BEP-365: Support multi-database based on data pattern

fynn-z · March 15, 2024, 9:57am

BEP-365: Support multi-database based on data pattern

BEP-365: Support multi-database based on data pattern

1. Summary

This BEP proposes an efficient storage solution on the BSC(BNB Smart Chain) which can improve the performance and maintainability significantly by splitting blockchain data into multi-databases based on data patterns.

2. Motivation

Currently, all of the BSC node’s data, except for historical block and state data, is stored in a single key-value database instance, with different types of data segregated by different prefixes, as shown in the table below. With the rapid increase in the amount of data, several problems are being faced:

Mixed storage of data with different patterns in a single database results in inefficient performance and additional compaction overhead;
Less and Less efficient querying as the single database size increases continuously;
Concurrent reading and writing of a single database cannot fully utilize disk bandwidth;
Not friendly to using multiple disks for data storage
Inability to customize database parameters to optimize read/write performance for data from different patterns

Database	Category	Key Scheme	Size
KV Store	Headers	headerPrefix + num + hash	72.28MiB
	Bodies	blockBodyPrefix + num + hash	12.40GiB
	Receipt lists	blockReceiptsPrefix + num + hash	7.73GiB
	Difficulties	headerPrefix + num+ hash + headerTDSuffix	4.03MiB
	Block number → hash	headerNumberPrefix + hash	3.61MiB
	Block hash → number	headerPrefix + num + headerHashSuffix	1.33GiB
	Transaction index	txLookupPrefix + hash	176.04GiB
	Bloombit index	bloomBitsPrefix + bit + section + hash	8.12GiB
	Contract codes	CodePrefix + code hash	20.23GiB
	Path trie state lookups	stateIDPrefix + state root	3.52MiB
	Path trie account nodes	trieNodeAccountPrefix + hexPath	40.34GiB
	Path trie storage nodes	trieNodeStoragePrefix + accountHash + hexPath	473.95GiB
	Account snapshot	SnapshotAccountPrefix + account hash	13.17GiB
	Storage snapshot	SnapshotStoragePrefix + account hash + storage hash	246.98GiB
Ancient (Chain)	Bodies	-	797.23GiB
	Receipts	-	664.62GiB
	Diffs	-	356.49MiB
	Headers	-	20.21GiB
	Hashes	-	1.23GiB
Ancient (State)	Account Data	-	1.52GiB
	Storage Data	-	1.63GiB
	History Meta	-	248.81MiB
	Account Index	-	2.03GiB
	Storage Index	-	3.65GiB

This BEP aims to address these issues and provide a more efficient and high-performance way to store and maintain block and state data.

3. Specification

3.1 Multi-Databases

Chaindata will be divided into three stores, BlockStore, TrieStore, and Others, according to data schema and read/write behavior.
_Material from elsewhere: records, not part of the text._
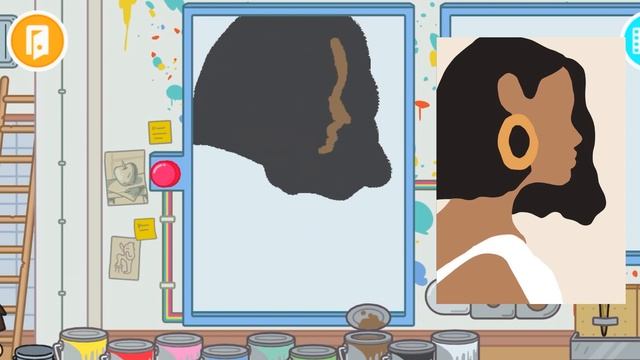 Рисую эстетичные картины в Toca World смотреть онлайн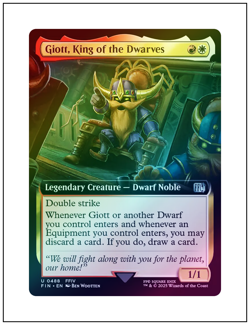 1x Giott, King of the Dwarves, Extended Art Foil, Magic MTG NM - Image 1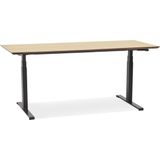 Alterego - BIONIK - Elektrisch zit-sta bureau - Beige - (63-128)x180x90 cm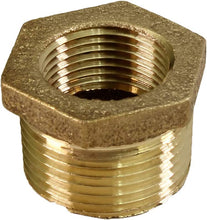 Load image into Gallery viewer, Supply Giant CSCV2004 Male X 1-1/2 Inch Female NPT Lead Free Bushing, Fitting with Hexagonal Head Brass Construction Higher Corrosion Resistance Economical &amp; Easy to Install
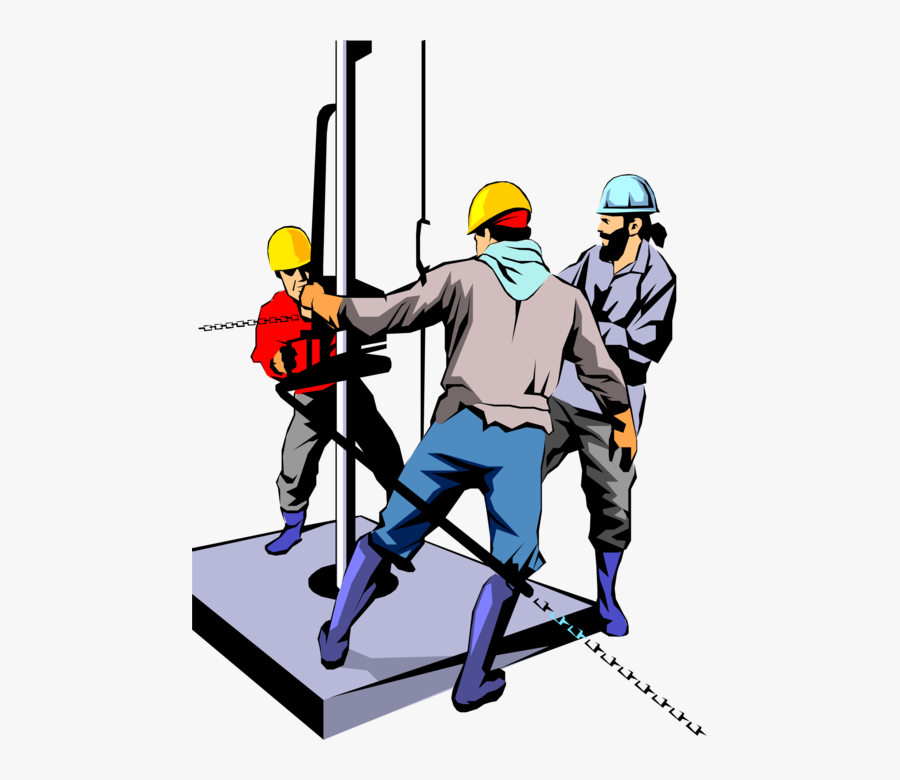 Drill Clipart Vector - Oil Rig Man Vector, Transparent Clipart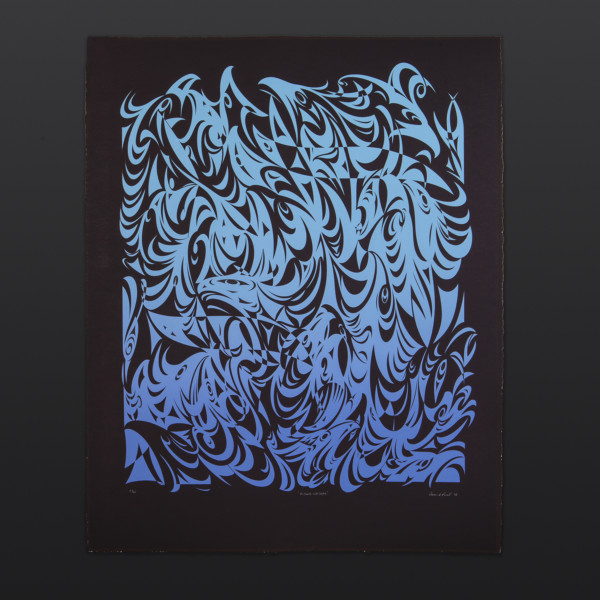 Rising Water Susan Point Coast Salish Limited Edition Serigraph 34" × 28" $1075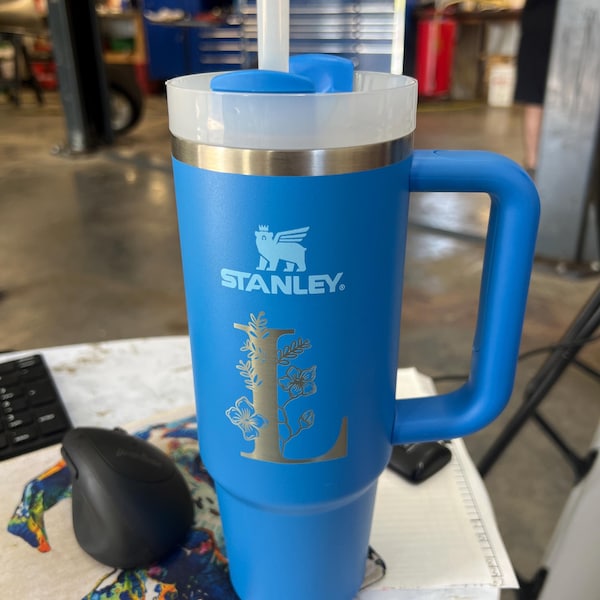 Name Engraved Stanley Laser Engraved Cup Tumbler Custom Laser Engraved ...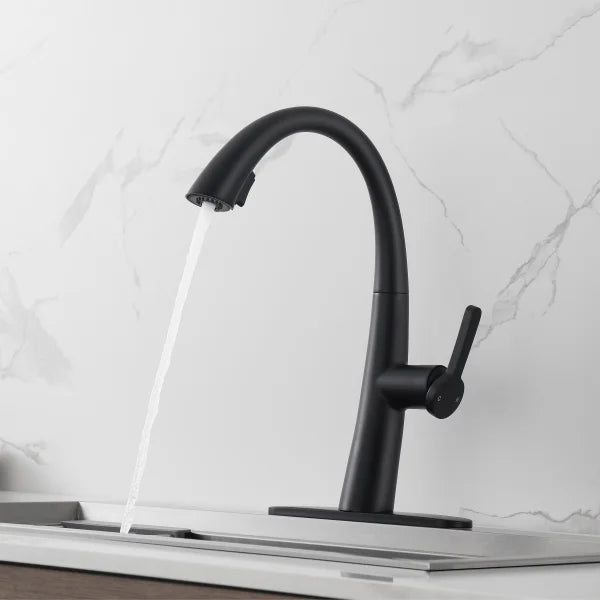 Westmount Waterworks Daulfyn Pull-down Kitchen Faucet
After database separation, the data layout obtained by db inspect is as the below table shows:

Block Database: Block-related data is stored in this store, including headers, bodies, receipts, difficulties, number-to-hash indexes, hash-to-number indexes, and historical block data.
Trie Database: All trie nodes of the current state and historical state data of nearly 9w blocks are stored here.
Original Database: The remaining data will be stored in this store, including snapshot, txIndex, contract code, and other metadata, etc.
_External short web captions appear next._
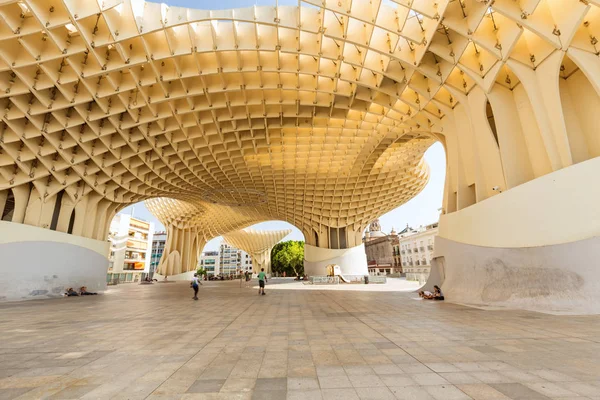 Sevilla España Arquitectura Moderna Ser Diseño Jrgen Mayer Metropol Parasol — Foto de Stock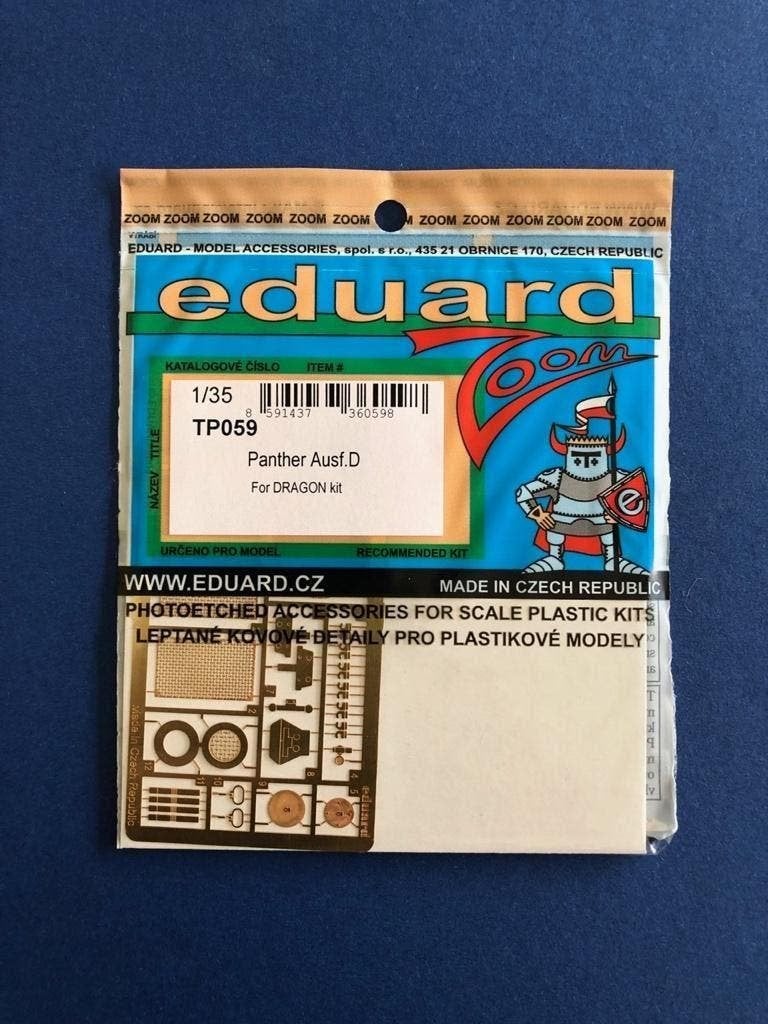 Eduard	TP059	Panther Ausf.D - Dragon	1/35, Overige merken, Tank, Verzenden, 1:32 tot 1:50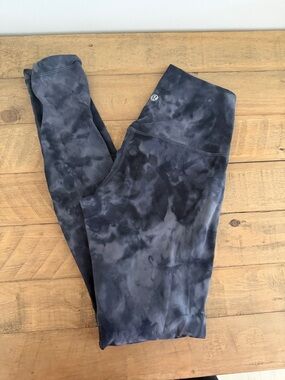 lululemon athletica Black Tie-Dye High-Rise Leggings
Database	Type	Category	Data Pattern
BlockDatabase	KV Store	Headers	Sequential (except “Block hash-> number”)
		Bodies
		Receipt lists
		Difficulties
		Block number → hash
		Block hash → number
	Ancient	Bodies
		Receipts
		Diffs
		Headers
		Hashes
TrieDataBase	KV Store	Path trie account nodes	Path Hash
		Path trie storage nodes
	Ancient	Account Data	Sequential
		Storage Data
		History Meta
		Account Index
		Storage Index
OriginalDatabase	KV Store	Account snapshot	Hash
		Storage snapshot
		Transaction index
		Bloombit index
		Contract codes

3.2 Folder Structure

The folder structure for multiple databases is shown below. The original database is located within the chaindata/ folder, and new block/ and state/ folders have been introduced to store block and trie data. Additionally, there is an ancient folder for storing historical data under each of these directories.

4. Rationale

Separate databases according to data schema and read/write behavior can improve the performance, scalability, and maintainability of chain nodes.

4.1 Block DataBase

Diving deeper into the data flow of block-related data, recent blocks are first stored in a key-value (KV) database and then appended sequentially to the ancient database and deleted from the KV database when reaching the ancient threshold, which wastes some disk bandwidth.
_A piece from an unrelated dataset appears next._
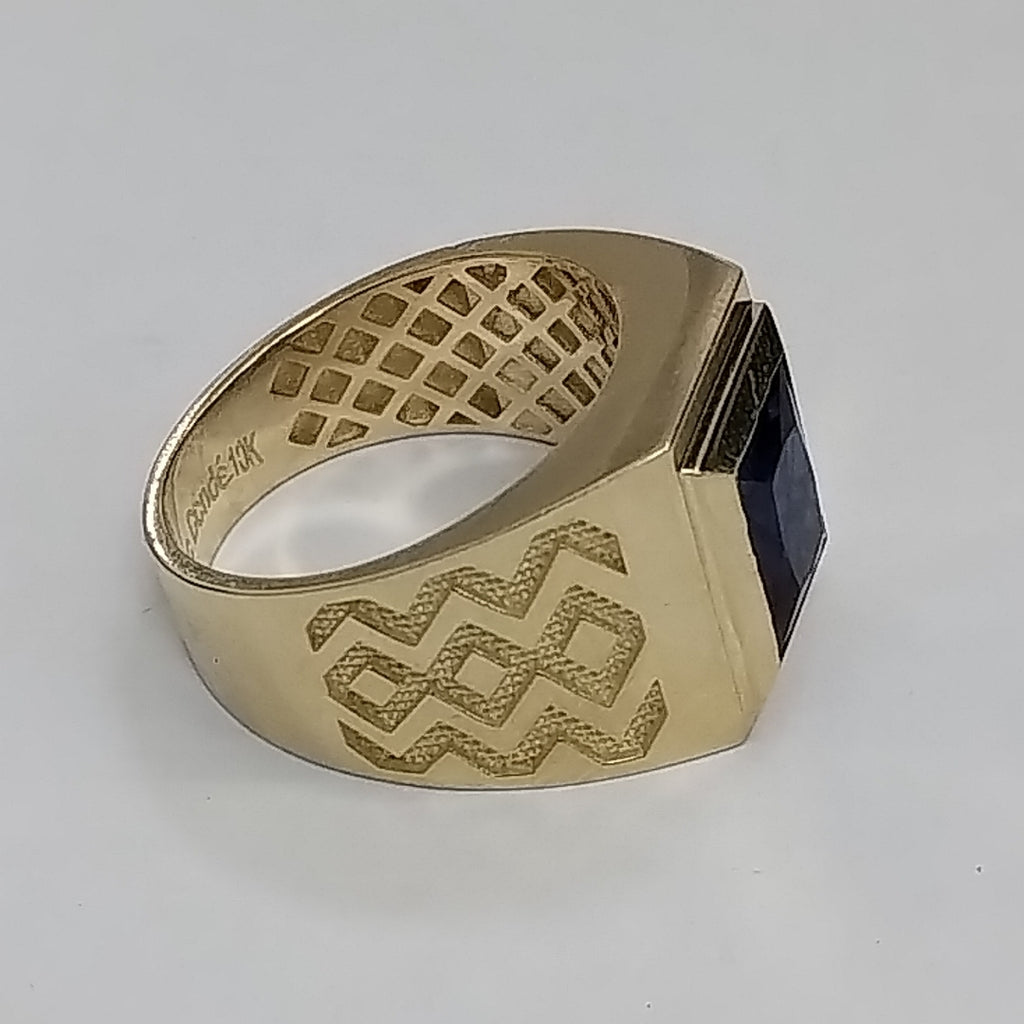 ANILLOS CABALLERO ORO 10K 8.1 (NUEVO)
Originally the latest 90K blocks will be retained in the key-value database by default, regarded as “non-finalized” in the context of Proof-of-work. Now with Proof-of-Stake-Authority and fast-finality, there’s no need to keep so many blocks for blockchain reorganization. It makes more sense to rely on the finalized block for chain freezing directly after fast-finality is enabled on the BSC Mainnet. This means we can keep less recent blocks before migrating them to the ancient database for blockchain reorganization.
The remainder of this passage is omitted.